Yavru muhalefetin başkanı Bursa’da bir miting yaptı. Kalabalıktan bir grup slogan atıyor, 'Vur de vuralım, öl de ölelim’ diyor. Bu genel başkan da sorumsuzca ‘Merak etmeyin, onun da zamanı gelecektir’ diyor.

Siyasi sorumluluk taşıyan bir insana bu yakışır mı? Senin teröristin kötü benim teröristim iyi mantığıdır bu mantık. Kimi vuruyorsun, kime vuruyorsun? Biz vurmaya, öldürmeye değil hayat vermeye geldik.

Sorumsuzca dil kullanması talihsizliktir. Bahçeli'nin kullandığı bu dil 1980 öncesi öldürülen, 1980 sonrası idam edilen gençlerin hatıralarına açık şekilde saygısızlıktır. Bu dil, bu siyaset, bu tavır, Türkiye'nin ve milletimizin asla hayrına değildir.

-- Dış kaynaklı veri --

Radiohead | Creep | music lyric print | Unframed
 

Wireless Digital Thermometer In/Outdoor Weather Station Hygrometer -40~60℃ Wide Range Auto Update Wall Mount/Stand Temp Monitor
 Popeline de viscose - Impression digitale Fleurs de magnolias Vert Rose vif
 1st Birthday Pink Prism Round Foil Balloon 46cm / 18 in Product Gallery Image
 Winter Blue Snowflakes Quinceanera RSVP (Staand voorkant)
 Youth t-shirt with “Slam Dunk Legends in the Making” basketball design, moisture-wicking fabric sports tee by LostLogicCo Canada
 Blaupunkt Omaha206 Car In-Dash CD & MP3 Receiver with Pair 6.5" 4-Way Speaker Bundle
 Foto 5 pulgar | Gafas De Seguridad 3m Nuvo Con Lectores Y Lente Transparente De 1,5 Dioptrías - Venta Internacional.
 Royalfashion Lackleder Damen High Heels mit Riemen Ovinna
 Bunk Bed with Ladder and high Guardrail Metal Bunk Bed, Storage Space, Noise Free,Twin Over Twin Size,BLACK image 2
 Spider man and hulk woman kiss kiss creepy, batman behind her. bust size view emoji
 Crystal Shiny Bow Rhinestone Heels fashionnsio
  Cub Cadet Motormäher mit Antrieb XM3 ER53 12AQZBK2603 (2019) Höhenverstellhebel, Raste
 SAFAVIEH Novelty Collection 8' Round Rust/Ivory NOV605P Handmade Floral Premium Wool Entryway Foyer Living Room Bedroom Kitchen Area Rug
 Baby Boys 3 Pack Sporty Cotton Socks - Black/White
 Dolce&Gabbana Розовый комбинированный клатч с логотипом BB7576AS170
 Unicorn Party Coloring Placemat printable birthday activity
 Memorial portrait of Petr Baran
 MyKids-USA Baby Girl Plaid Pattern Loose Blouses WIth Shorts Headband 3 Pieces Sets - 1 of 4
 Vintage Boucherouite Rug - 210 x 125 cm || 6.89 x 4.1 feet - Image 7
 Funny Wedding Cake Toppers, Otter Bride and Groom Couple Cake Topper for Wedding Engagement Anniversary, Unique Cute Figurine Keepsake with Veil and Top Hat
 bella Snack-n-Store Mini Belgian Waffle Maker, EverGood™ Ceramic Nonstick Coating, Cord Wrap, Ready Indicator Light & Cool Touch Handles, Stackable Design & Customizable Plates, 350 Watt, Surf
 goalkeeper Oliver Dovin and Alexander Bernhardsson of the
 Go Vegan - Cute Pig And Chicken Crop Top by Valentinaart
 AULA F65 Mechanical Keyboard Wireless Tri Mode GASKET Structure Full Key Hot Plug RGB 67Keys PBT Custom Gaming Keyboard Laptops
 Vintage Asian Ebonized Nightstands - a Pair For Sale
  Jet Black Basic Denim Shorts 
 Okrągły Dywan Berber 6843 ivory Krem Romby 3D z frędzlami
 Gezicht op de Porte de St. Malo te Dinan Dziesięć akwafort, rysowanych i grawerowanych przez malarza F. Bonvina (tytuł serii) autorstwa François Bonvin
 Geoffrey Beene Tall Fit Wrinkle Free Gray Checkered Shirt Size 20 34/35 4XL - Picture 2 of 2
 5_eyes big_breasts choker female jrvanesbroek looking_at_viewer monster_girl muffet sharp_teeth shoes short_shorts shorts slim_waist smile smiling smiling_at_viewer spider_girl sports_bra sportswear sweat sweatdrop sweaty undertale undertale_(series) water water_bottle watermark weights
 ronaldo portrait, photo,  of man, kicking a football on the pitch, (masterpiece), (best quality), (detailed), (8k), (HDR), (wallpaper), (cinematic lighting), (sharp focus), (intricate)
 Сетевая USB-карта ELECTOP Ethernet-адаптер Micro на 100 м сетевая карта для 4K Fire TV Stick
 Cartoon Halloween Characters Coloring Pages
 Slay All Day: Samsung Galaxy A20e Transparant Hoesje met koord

Kışkırtan, tahrik eden ayrıştıran bir dildir.

Kışkırtan, ayrıştıran bir dil Türkiye’nin birliğine, bütünlüğüne hizmet etmez. Terör biterse MHP’ye istismar alanı kalmayacaktır, bunu görüyor. Bu dilin nedeni budur. Ay yıldızlı bayrağa sarılı şehitler gelmezse slogan atma zemini kalmayacak.

'ANNELER DEĞİL, TERÖR BARONLARI AĞLASIN'

Çözüm süreci kararlılıkla ilerlerken, umut verici gelişmeler yaşanırken, bundan ciddi şekilde rahatsız olanlar var. Aşırı soldakileri ile aşırı sağdakiler aynı gözyaşını döküyorlar. Terör biteceği için üzülüyor, gözyaşı döküyor ve üzülüyor. Bizi bu zavallıların gözyaşı ilgilendirmez. Anneler ağlamasın da, bu terör baronları istedikleri kadar ağlasınlar.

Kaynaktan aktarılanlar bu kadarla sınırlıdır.